Dinengdeng & Pinakbet

Reading Books: Key to Opening Your Mind to Any and All Sorts of Imaginable Possibilities

Gilbert S.C. Keith-Agaran

It was a dark and stormy night.”

A Facebook friend posted that opening line is a familiar punchline for Snoopy’s novelist persona in Charles Schulz’ Peanuts comic strip. But it’s also the first sentence in one of my favorite childhood books, A Wrinkle In Time by Madeleine L’Engle.

A Wrinkle In Time
Photo courtesy Gil Keith-Agaran

That book, small kid time, helped open my mind to all sorts of possibilities.
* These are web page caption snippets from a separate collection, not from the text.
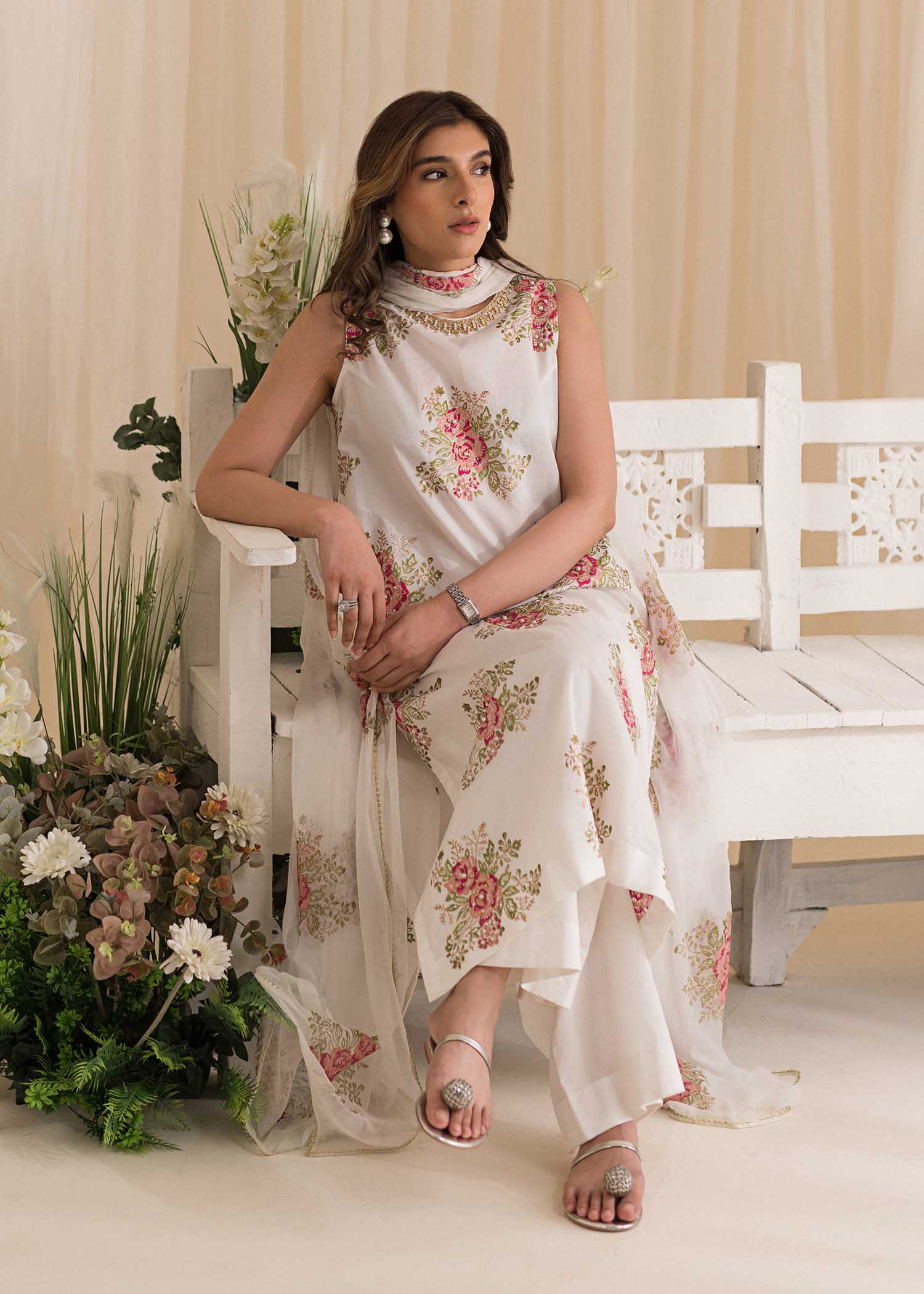 Tea Rose - Image 4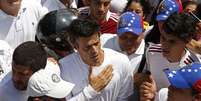 Leopoldo López cercado de manifestantes durante protesto nesta terça-feira, em Caracas  Foto: Reuters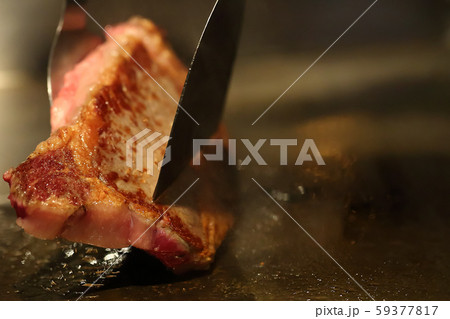 調理中のイメージ 牛肉サーロインステーキ 59377817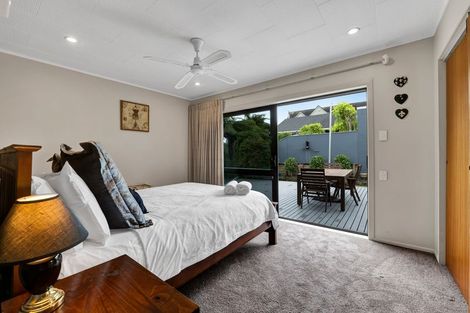 Photo of property in 5 Ruskin Place, Westown, New Plymouth, 4310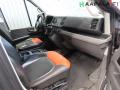 Kuva 7: Volkswagen Crafter 2.0 TDi 4Motion Bussi 2020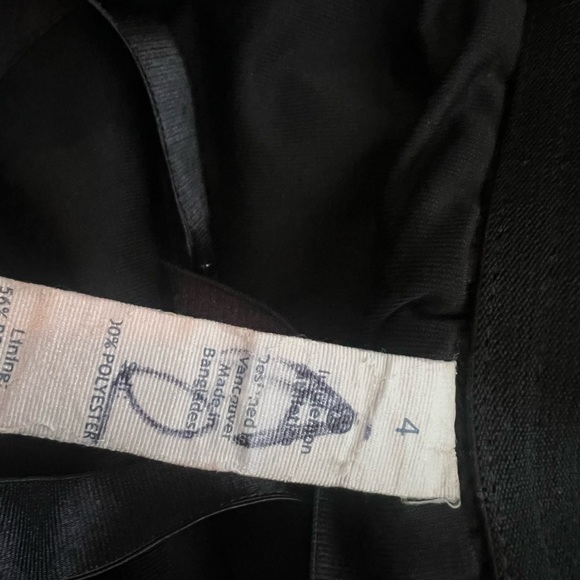 Lululemon Black Skirt. Size 4 - Picture 4 of 4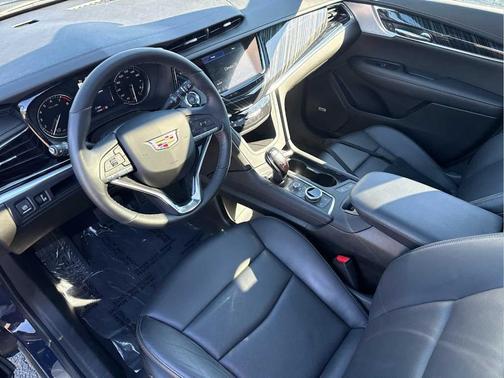 2025 Cadillac XT6 Premium Luxury AWD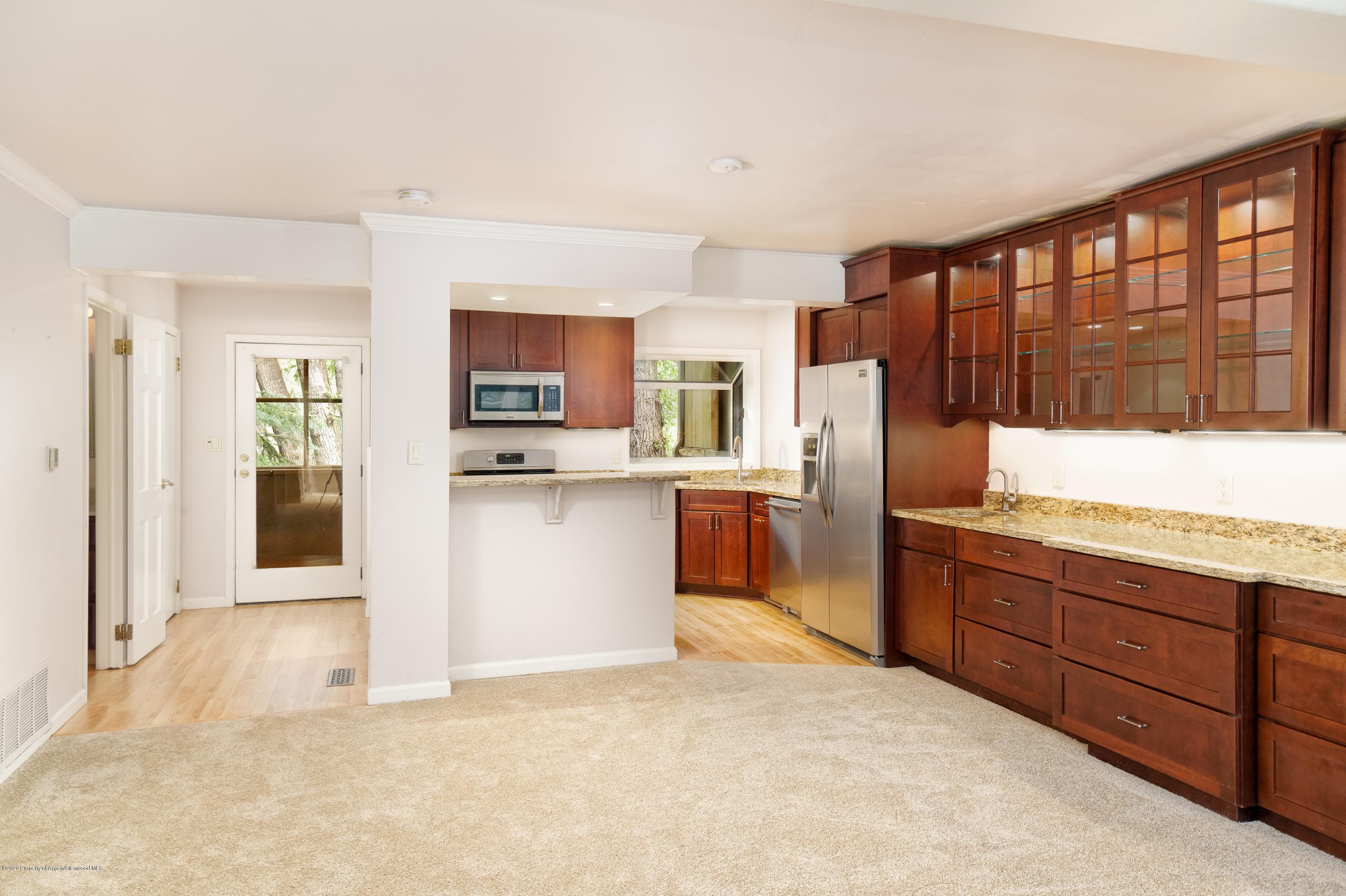 100 N 8th Street 3 - Photo 4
It was one of the first “novels” I read, graduating from the short chapter books we got in the early grades of elementary school. The melding of fantasy and religion and science surprised me. The interaction of the adolescent characters—mousy 13 year old Meg Murry, her quiet little brother Charles Wallace and Meg’s friend Calvin—captured the truth of my own experience. I probably saw a little of myself in each of those three—unsure, immature, alienated, stubborn and perhaps taking action with the wrong motivations.

Friends of the Library of Hawai‘i Mahalo Award Certificate
Photo courtesy Gil Keith-Agaran

Published the year I was born, I read it while attending Doris Todd Memorial Christian Day School in Pā‘ia. I can’t remember if I borrowed it from the Book Mobile or ordered a copy through Scholastic Books. I just remember devouring it.
The trio, spurred by a strange extraterrestrial character, travel across time and space and perhaps universes, to find and rescue Meg’s missing scientist father.

On one level, it’s a straightforward quest across strange fantastic landscapes. But like some of the best young adult literature, the story raises serious questions and provides lessons on many levels about friendship, love, loyalty, faith, truth, good and evil.

I know the book won the 1963 Newberry Medal and other awards. I only learned later that it also became one of most banned books in our country. Among objections was A Wrinkle in Time raised questions about orthodox religion and some say because the main character was a girl.

Friends of the Library of Hawai‘i Mahalo Award
Photo courtesy Gil Keith-Agaran

A Wrinkle In Time has been adapted into films twice—a television movie and a big screen version. Trust me. The book is better.

When you read a novel, you create images of the people and picture the action vividly in your mind. For a book like A Wrinkle In Time, with characters that might be the seraphim and cherubim described in the Old Testament, and travel through out worldly settings, your imagination is unlimited. Film, even with modern special effects, can’t match that.

I later also took in L’Engle’s sequels and related books, A Wind in the Door, A Swiftly Tilting Planet, and the two published while I was in college and graduate school, Many Waters and An Acceptable Time.

I still enjoy them all, and I still give them to children as gifts, knowing they will open up their imaginations as much as mine.

Gilbert S.C. Keith-Agaran represents Central Maui in the Hawai‘i State Legislature. When he was presented a Mahalo Award by the Hawai‘i Friends of the Library, he picked A Wrinkle in Time for donation to the Kahului Public Library and the Hawai‘i State Library in downtown Honolulu.